+++ Dataset excerpt

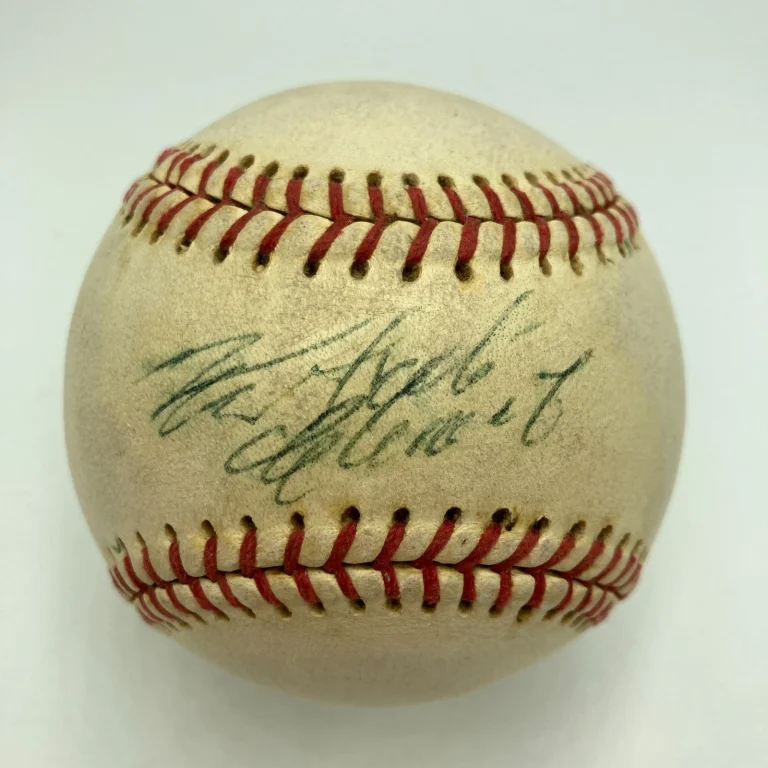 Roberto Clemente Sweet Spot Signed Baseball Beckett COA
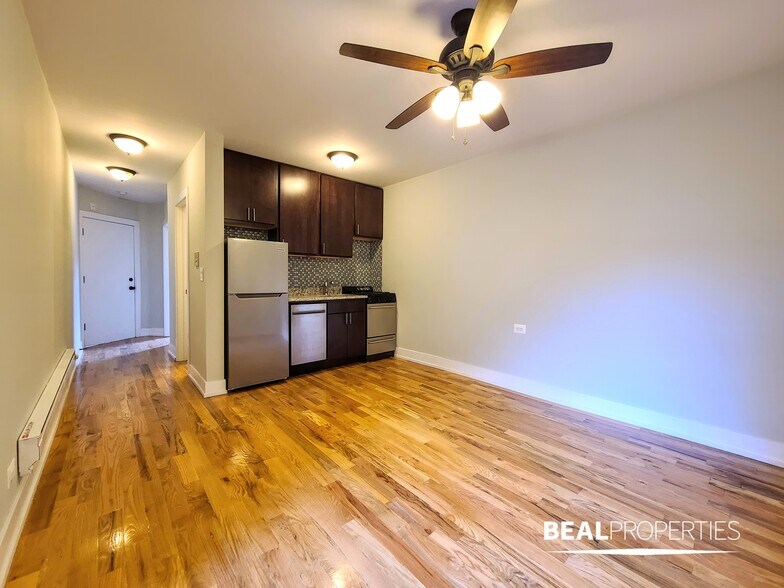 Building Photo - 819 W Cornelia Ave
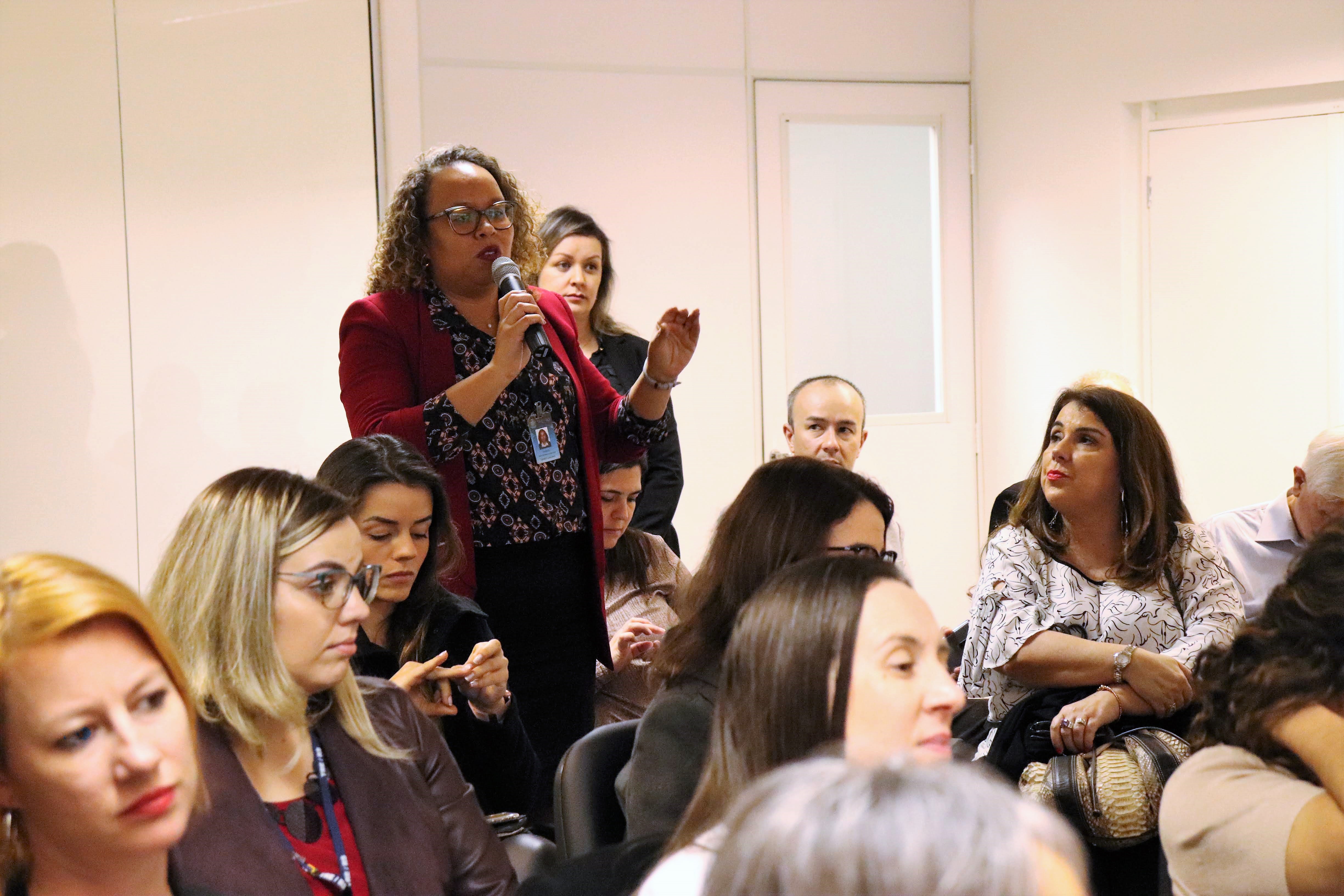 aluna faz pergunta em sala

++++++

§ Activity
Any images must be left out; transcribe the rest of the material exactly.

§ Exercise result
 Roberto Clemente Sweet Spot Signed Baseball Beckett COA
 Building Photo - 819 W Cornelia Ave
 aluna faz pergunta em sala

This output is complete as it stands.